Wie wurde diese Utopie begründet? Woher nahm der Urheber dieses Projekts die Zuversicht, das richtige Ziel vor Augen zu haben? Wie rechtfertigte er gegenüber seinen Gruppenmitgliedern dieses Ziel? Und mit welchen Argumenten versuchte er, andere Menschen zu überzeugen, sich dieser Gruppe anzuschließen oder gar neue Gruppen zu bilden? Aus den historischen Quellen wissen wir, dass dieses Leben mühsam und entbehrungsreich gewesen ist. Die faktisch vorhandene Gruppe konnte nicht so attraktiv gewesen sein, dass ihr die Mitglieder zuflogen. Weil die Wirklichkeit offenbar nicht für sich sprach, bestand offenbar ein hoher Legitimationsdruck. Es bedurfte daher einer tiefer gehenden Rechtfertigung, die Filareto in der Philosophie suchte.

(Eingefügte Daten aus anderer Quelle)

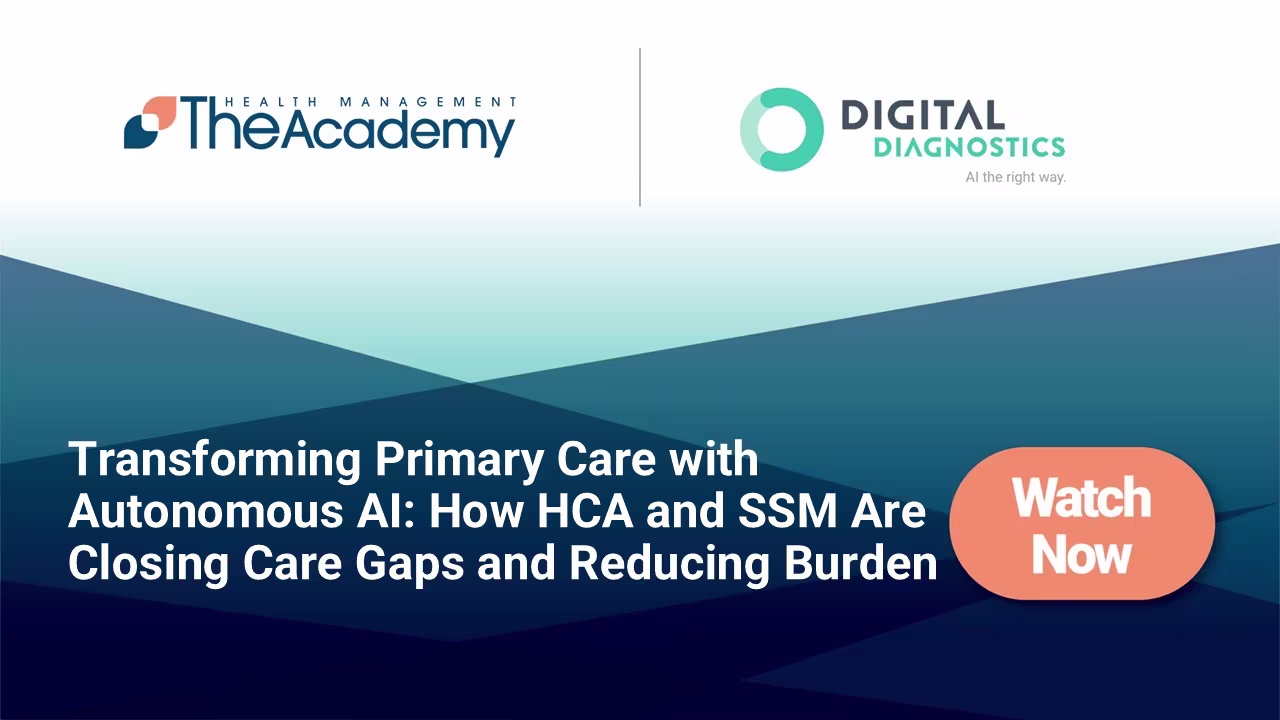 Digital Diagnostics | IB Hero Image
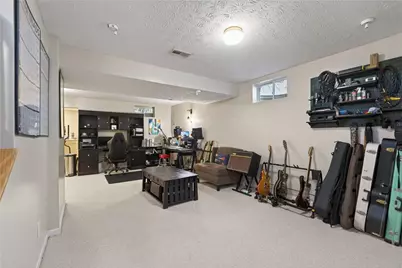 2284 Wild Dance, Beavercreek, OH 45434 - Photo 39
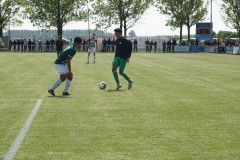 Groen-wit-wint-de-beker-18-05-2023-Foto-Corne-WIjnings-4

Im Programm finden sich dazu erste Hinweise. Es beginnt mit dem mythischen Bild der „Höhle Zarathustras“ und mit dem Ziel eines „höheren Menschen“, was auf Friedrich Nietzsche anspielt. Dabei stellt sich auch die Assoziation zum „Höhlengleichnis“ von Platon ein. Am Ende werden die Begriffe „Vernunft“ und „Liebe“ beschworen, die in dieser Allgemeinheit einen ebenso philosophischen Klang haben.
Zur Erläuterung hat Filareto 1920 seinem Programm drei Mitteilungsblätter hinzugefügt, in denen der Bezug zur Philosophie konkretisiert wird. Im zweiten Heft rückt er den Begriff der Liebe ins Zentrum, im dritten Heft erörtert er die Rolle der Vernunft in der Gesellschaft. Bereits aus dem Titel des ersten Heftes wird klar, dass er eine kulturphilosophische Legitimierung des Kommunismus im Sinn hat.

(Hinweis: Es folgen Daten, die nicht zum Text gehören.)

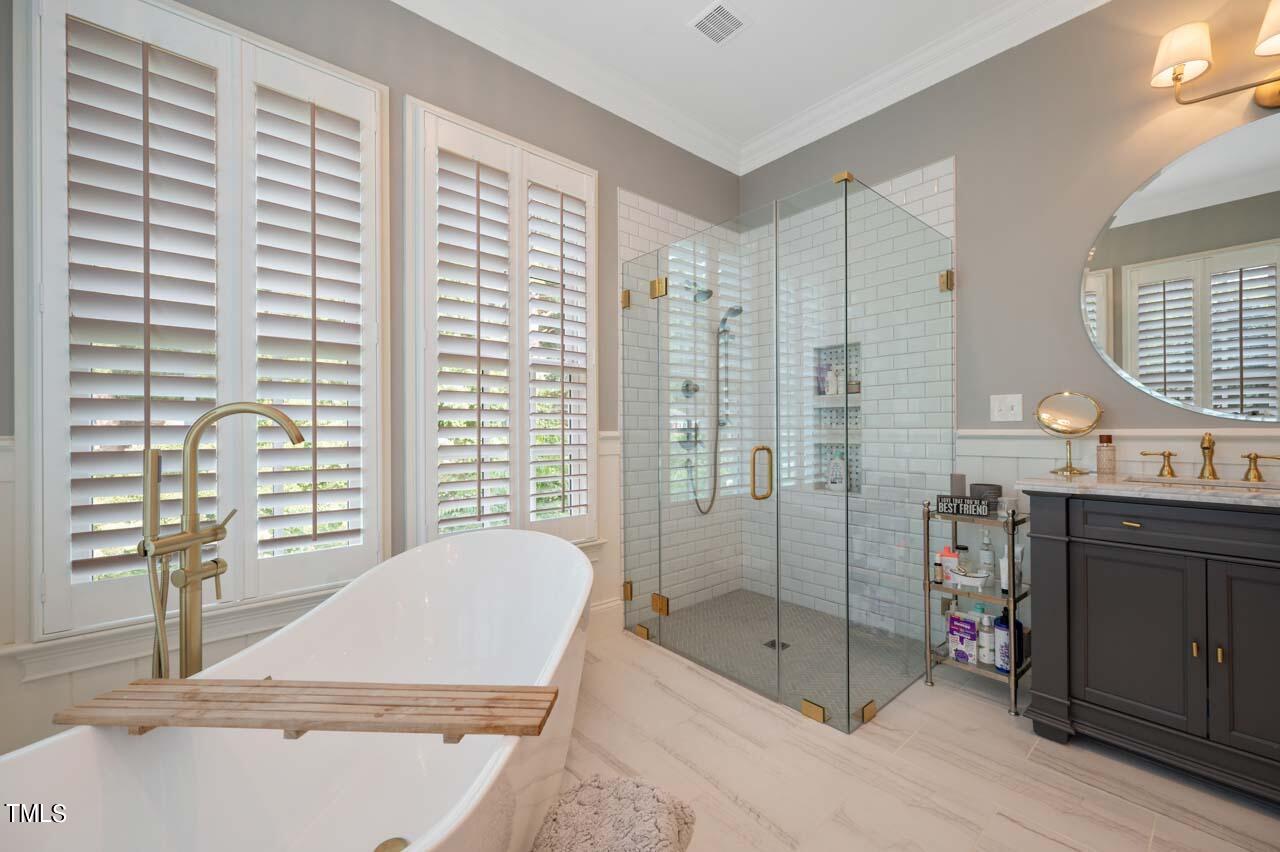 656 Aiken Parkway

Zum ersten Heft Kulturphilosophische Betrachtungen
Zu Beginn verdeutlicht Filareto, welche Art Kulturphilosophie er zu Grunde legen will: „Die Kulturentwicklung schreitet fort.“ Es geht also um die Kultur in ihrer historischen Entwicklung, der sogar ein Fortschreiten bescheinigt wird. Wenn dieses Thema auf philosophische Weise behandelt wird, bewegt sich die Betrachtung im Rahmen einer Philosophie der Geschichte. Um das Motiv zu erschließen, das Filareto bewogen haben könnte, eine geschichtsphilosophische Begründung zu versuchen, vergegenwärtigen wir uns noch einmal die extrem widrigen Bedingungen, unter denen die „kommunistische Gruppe“ entstanden ist. Wenn die erfahrbare Gegenwart derart entmutigend ist, liegt es nahe, alle Hoffnungen auf die Zukunft zu setzen, in der das bessere Leben erwartet wird.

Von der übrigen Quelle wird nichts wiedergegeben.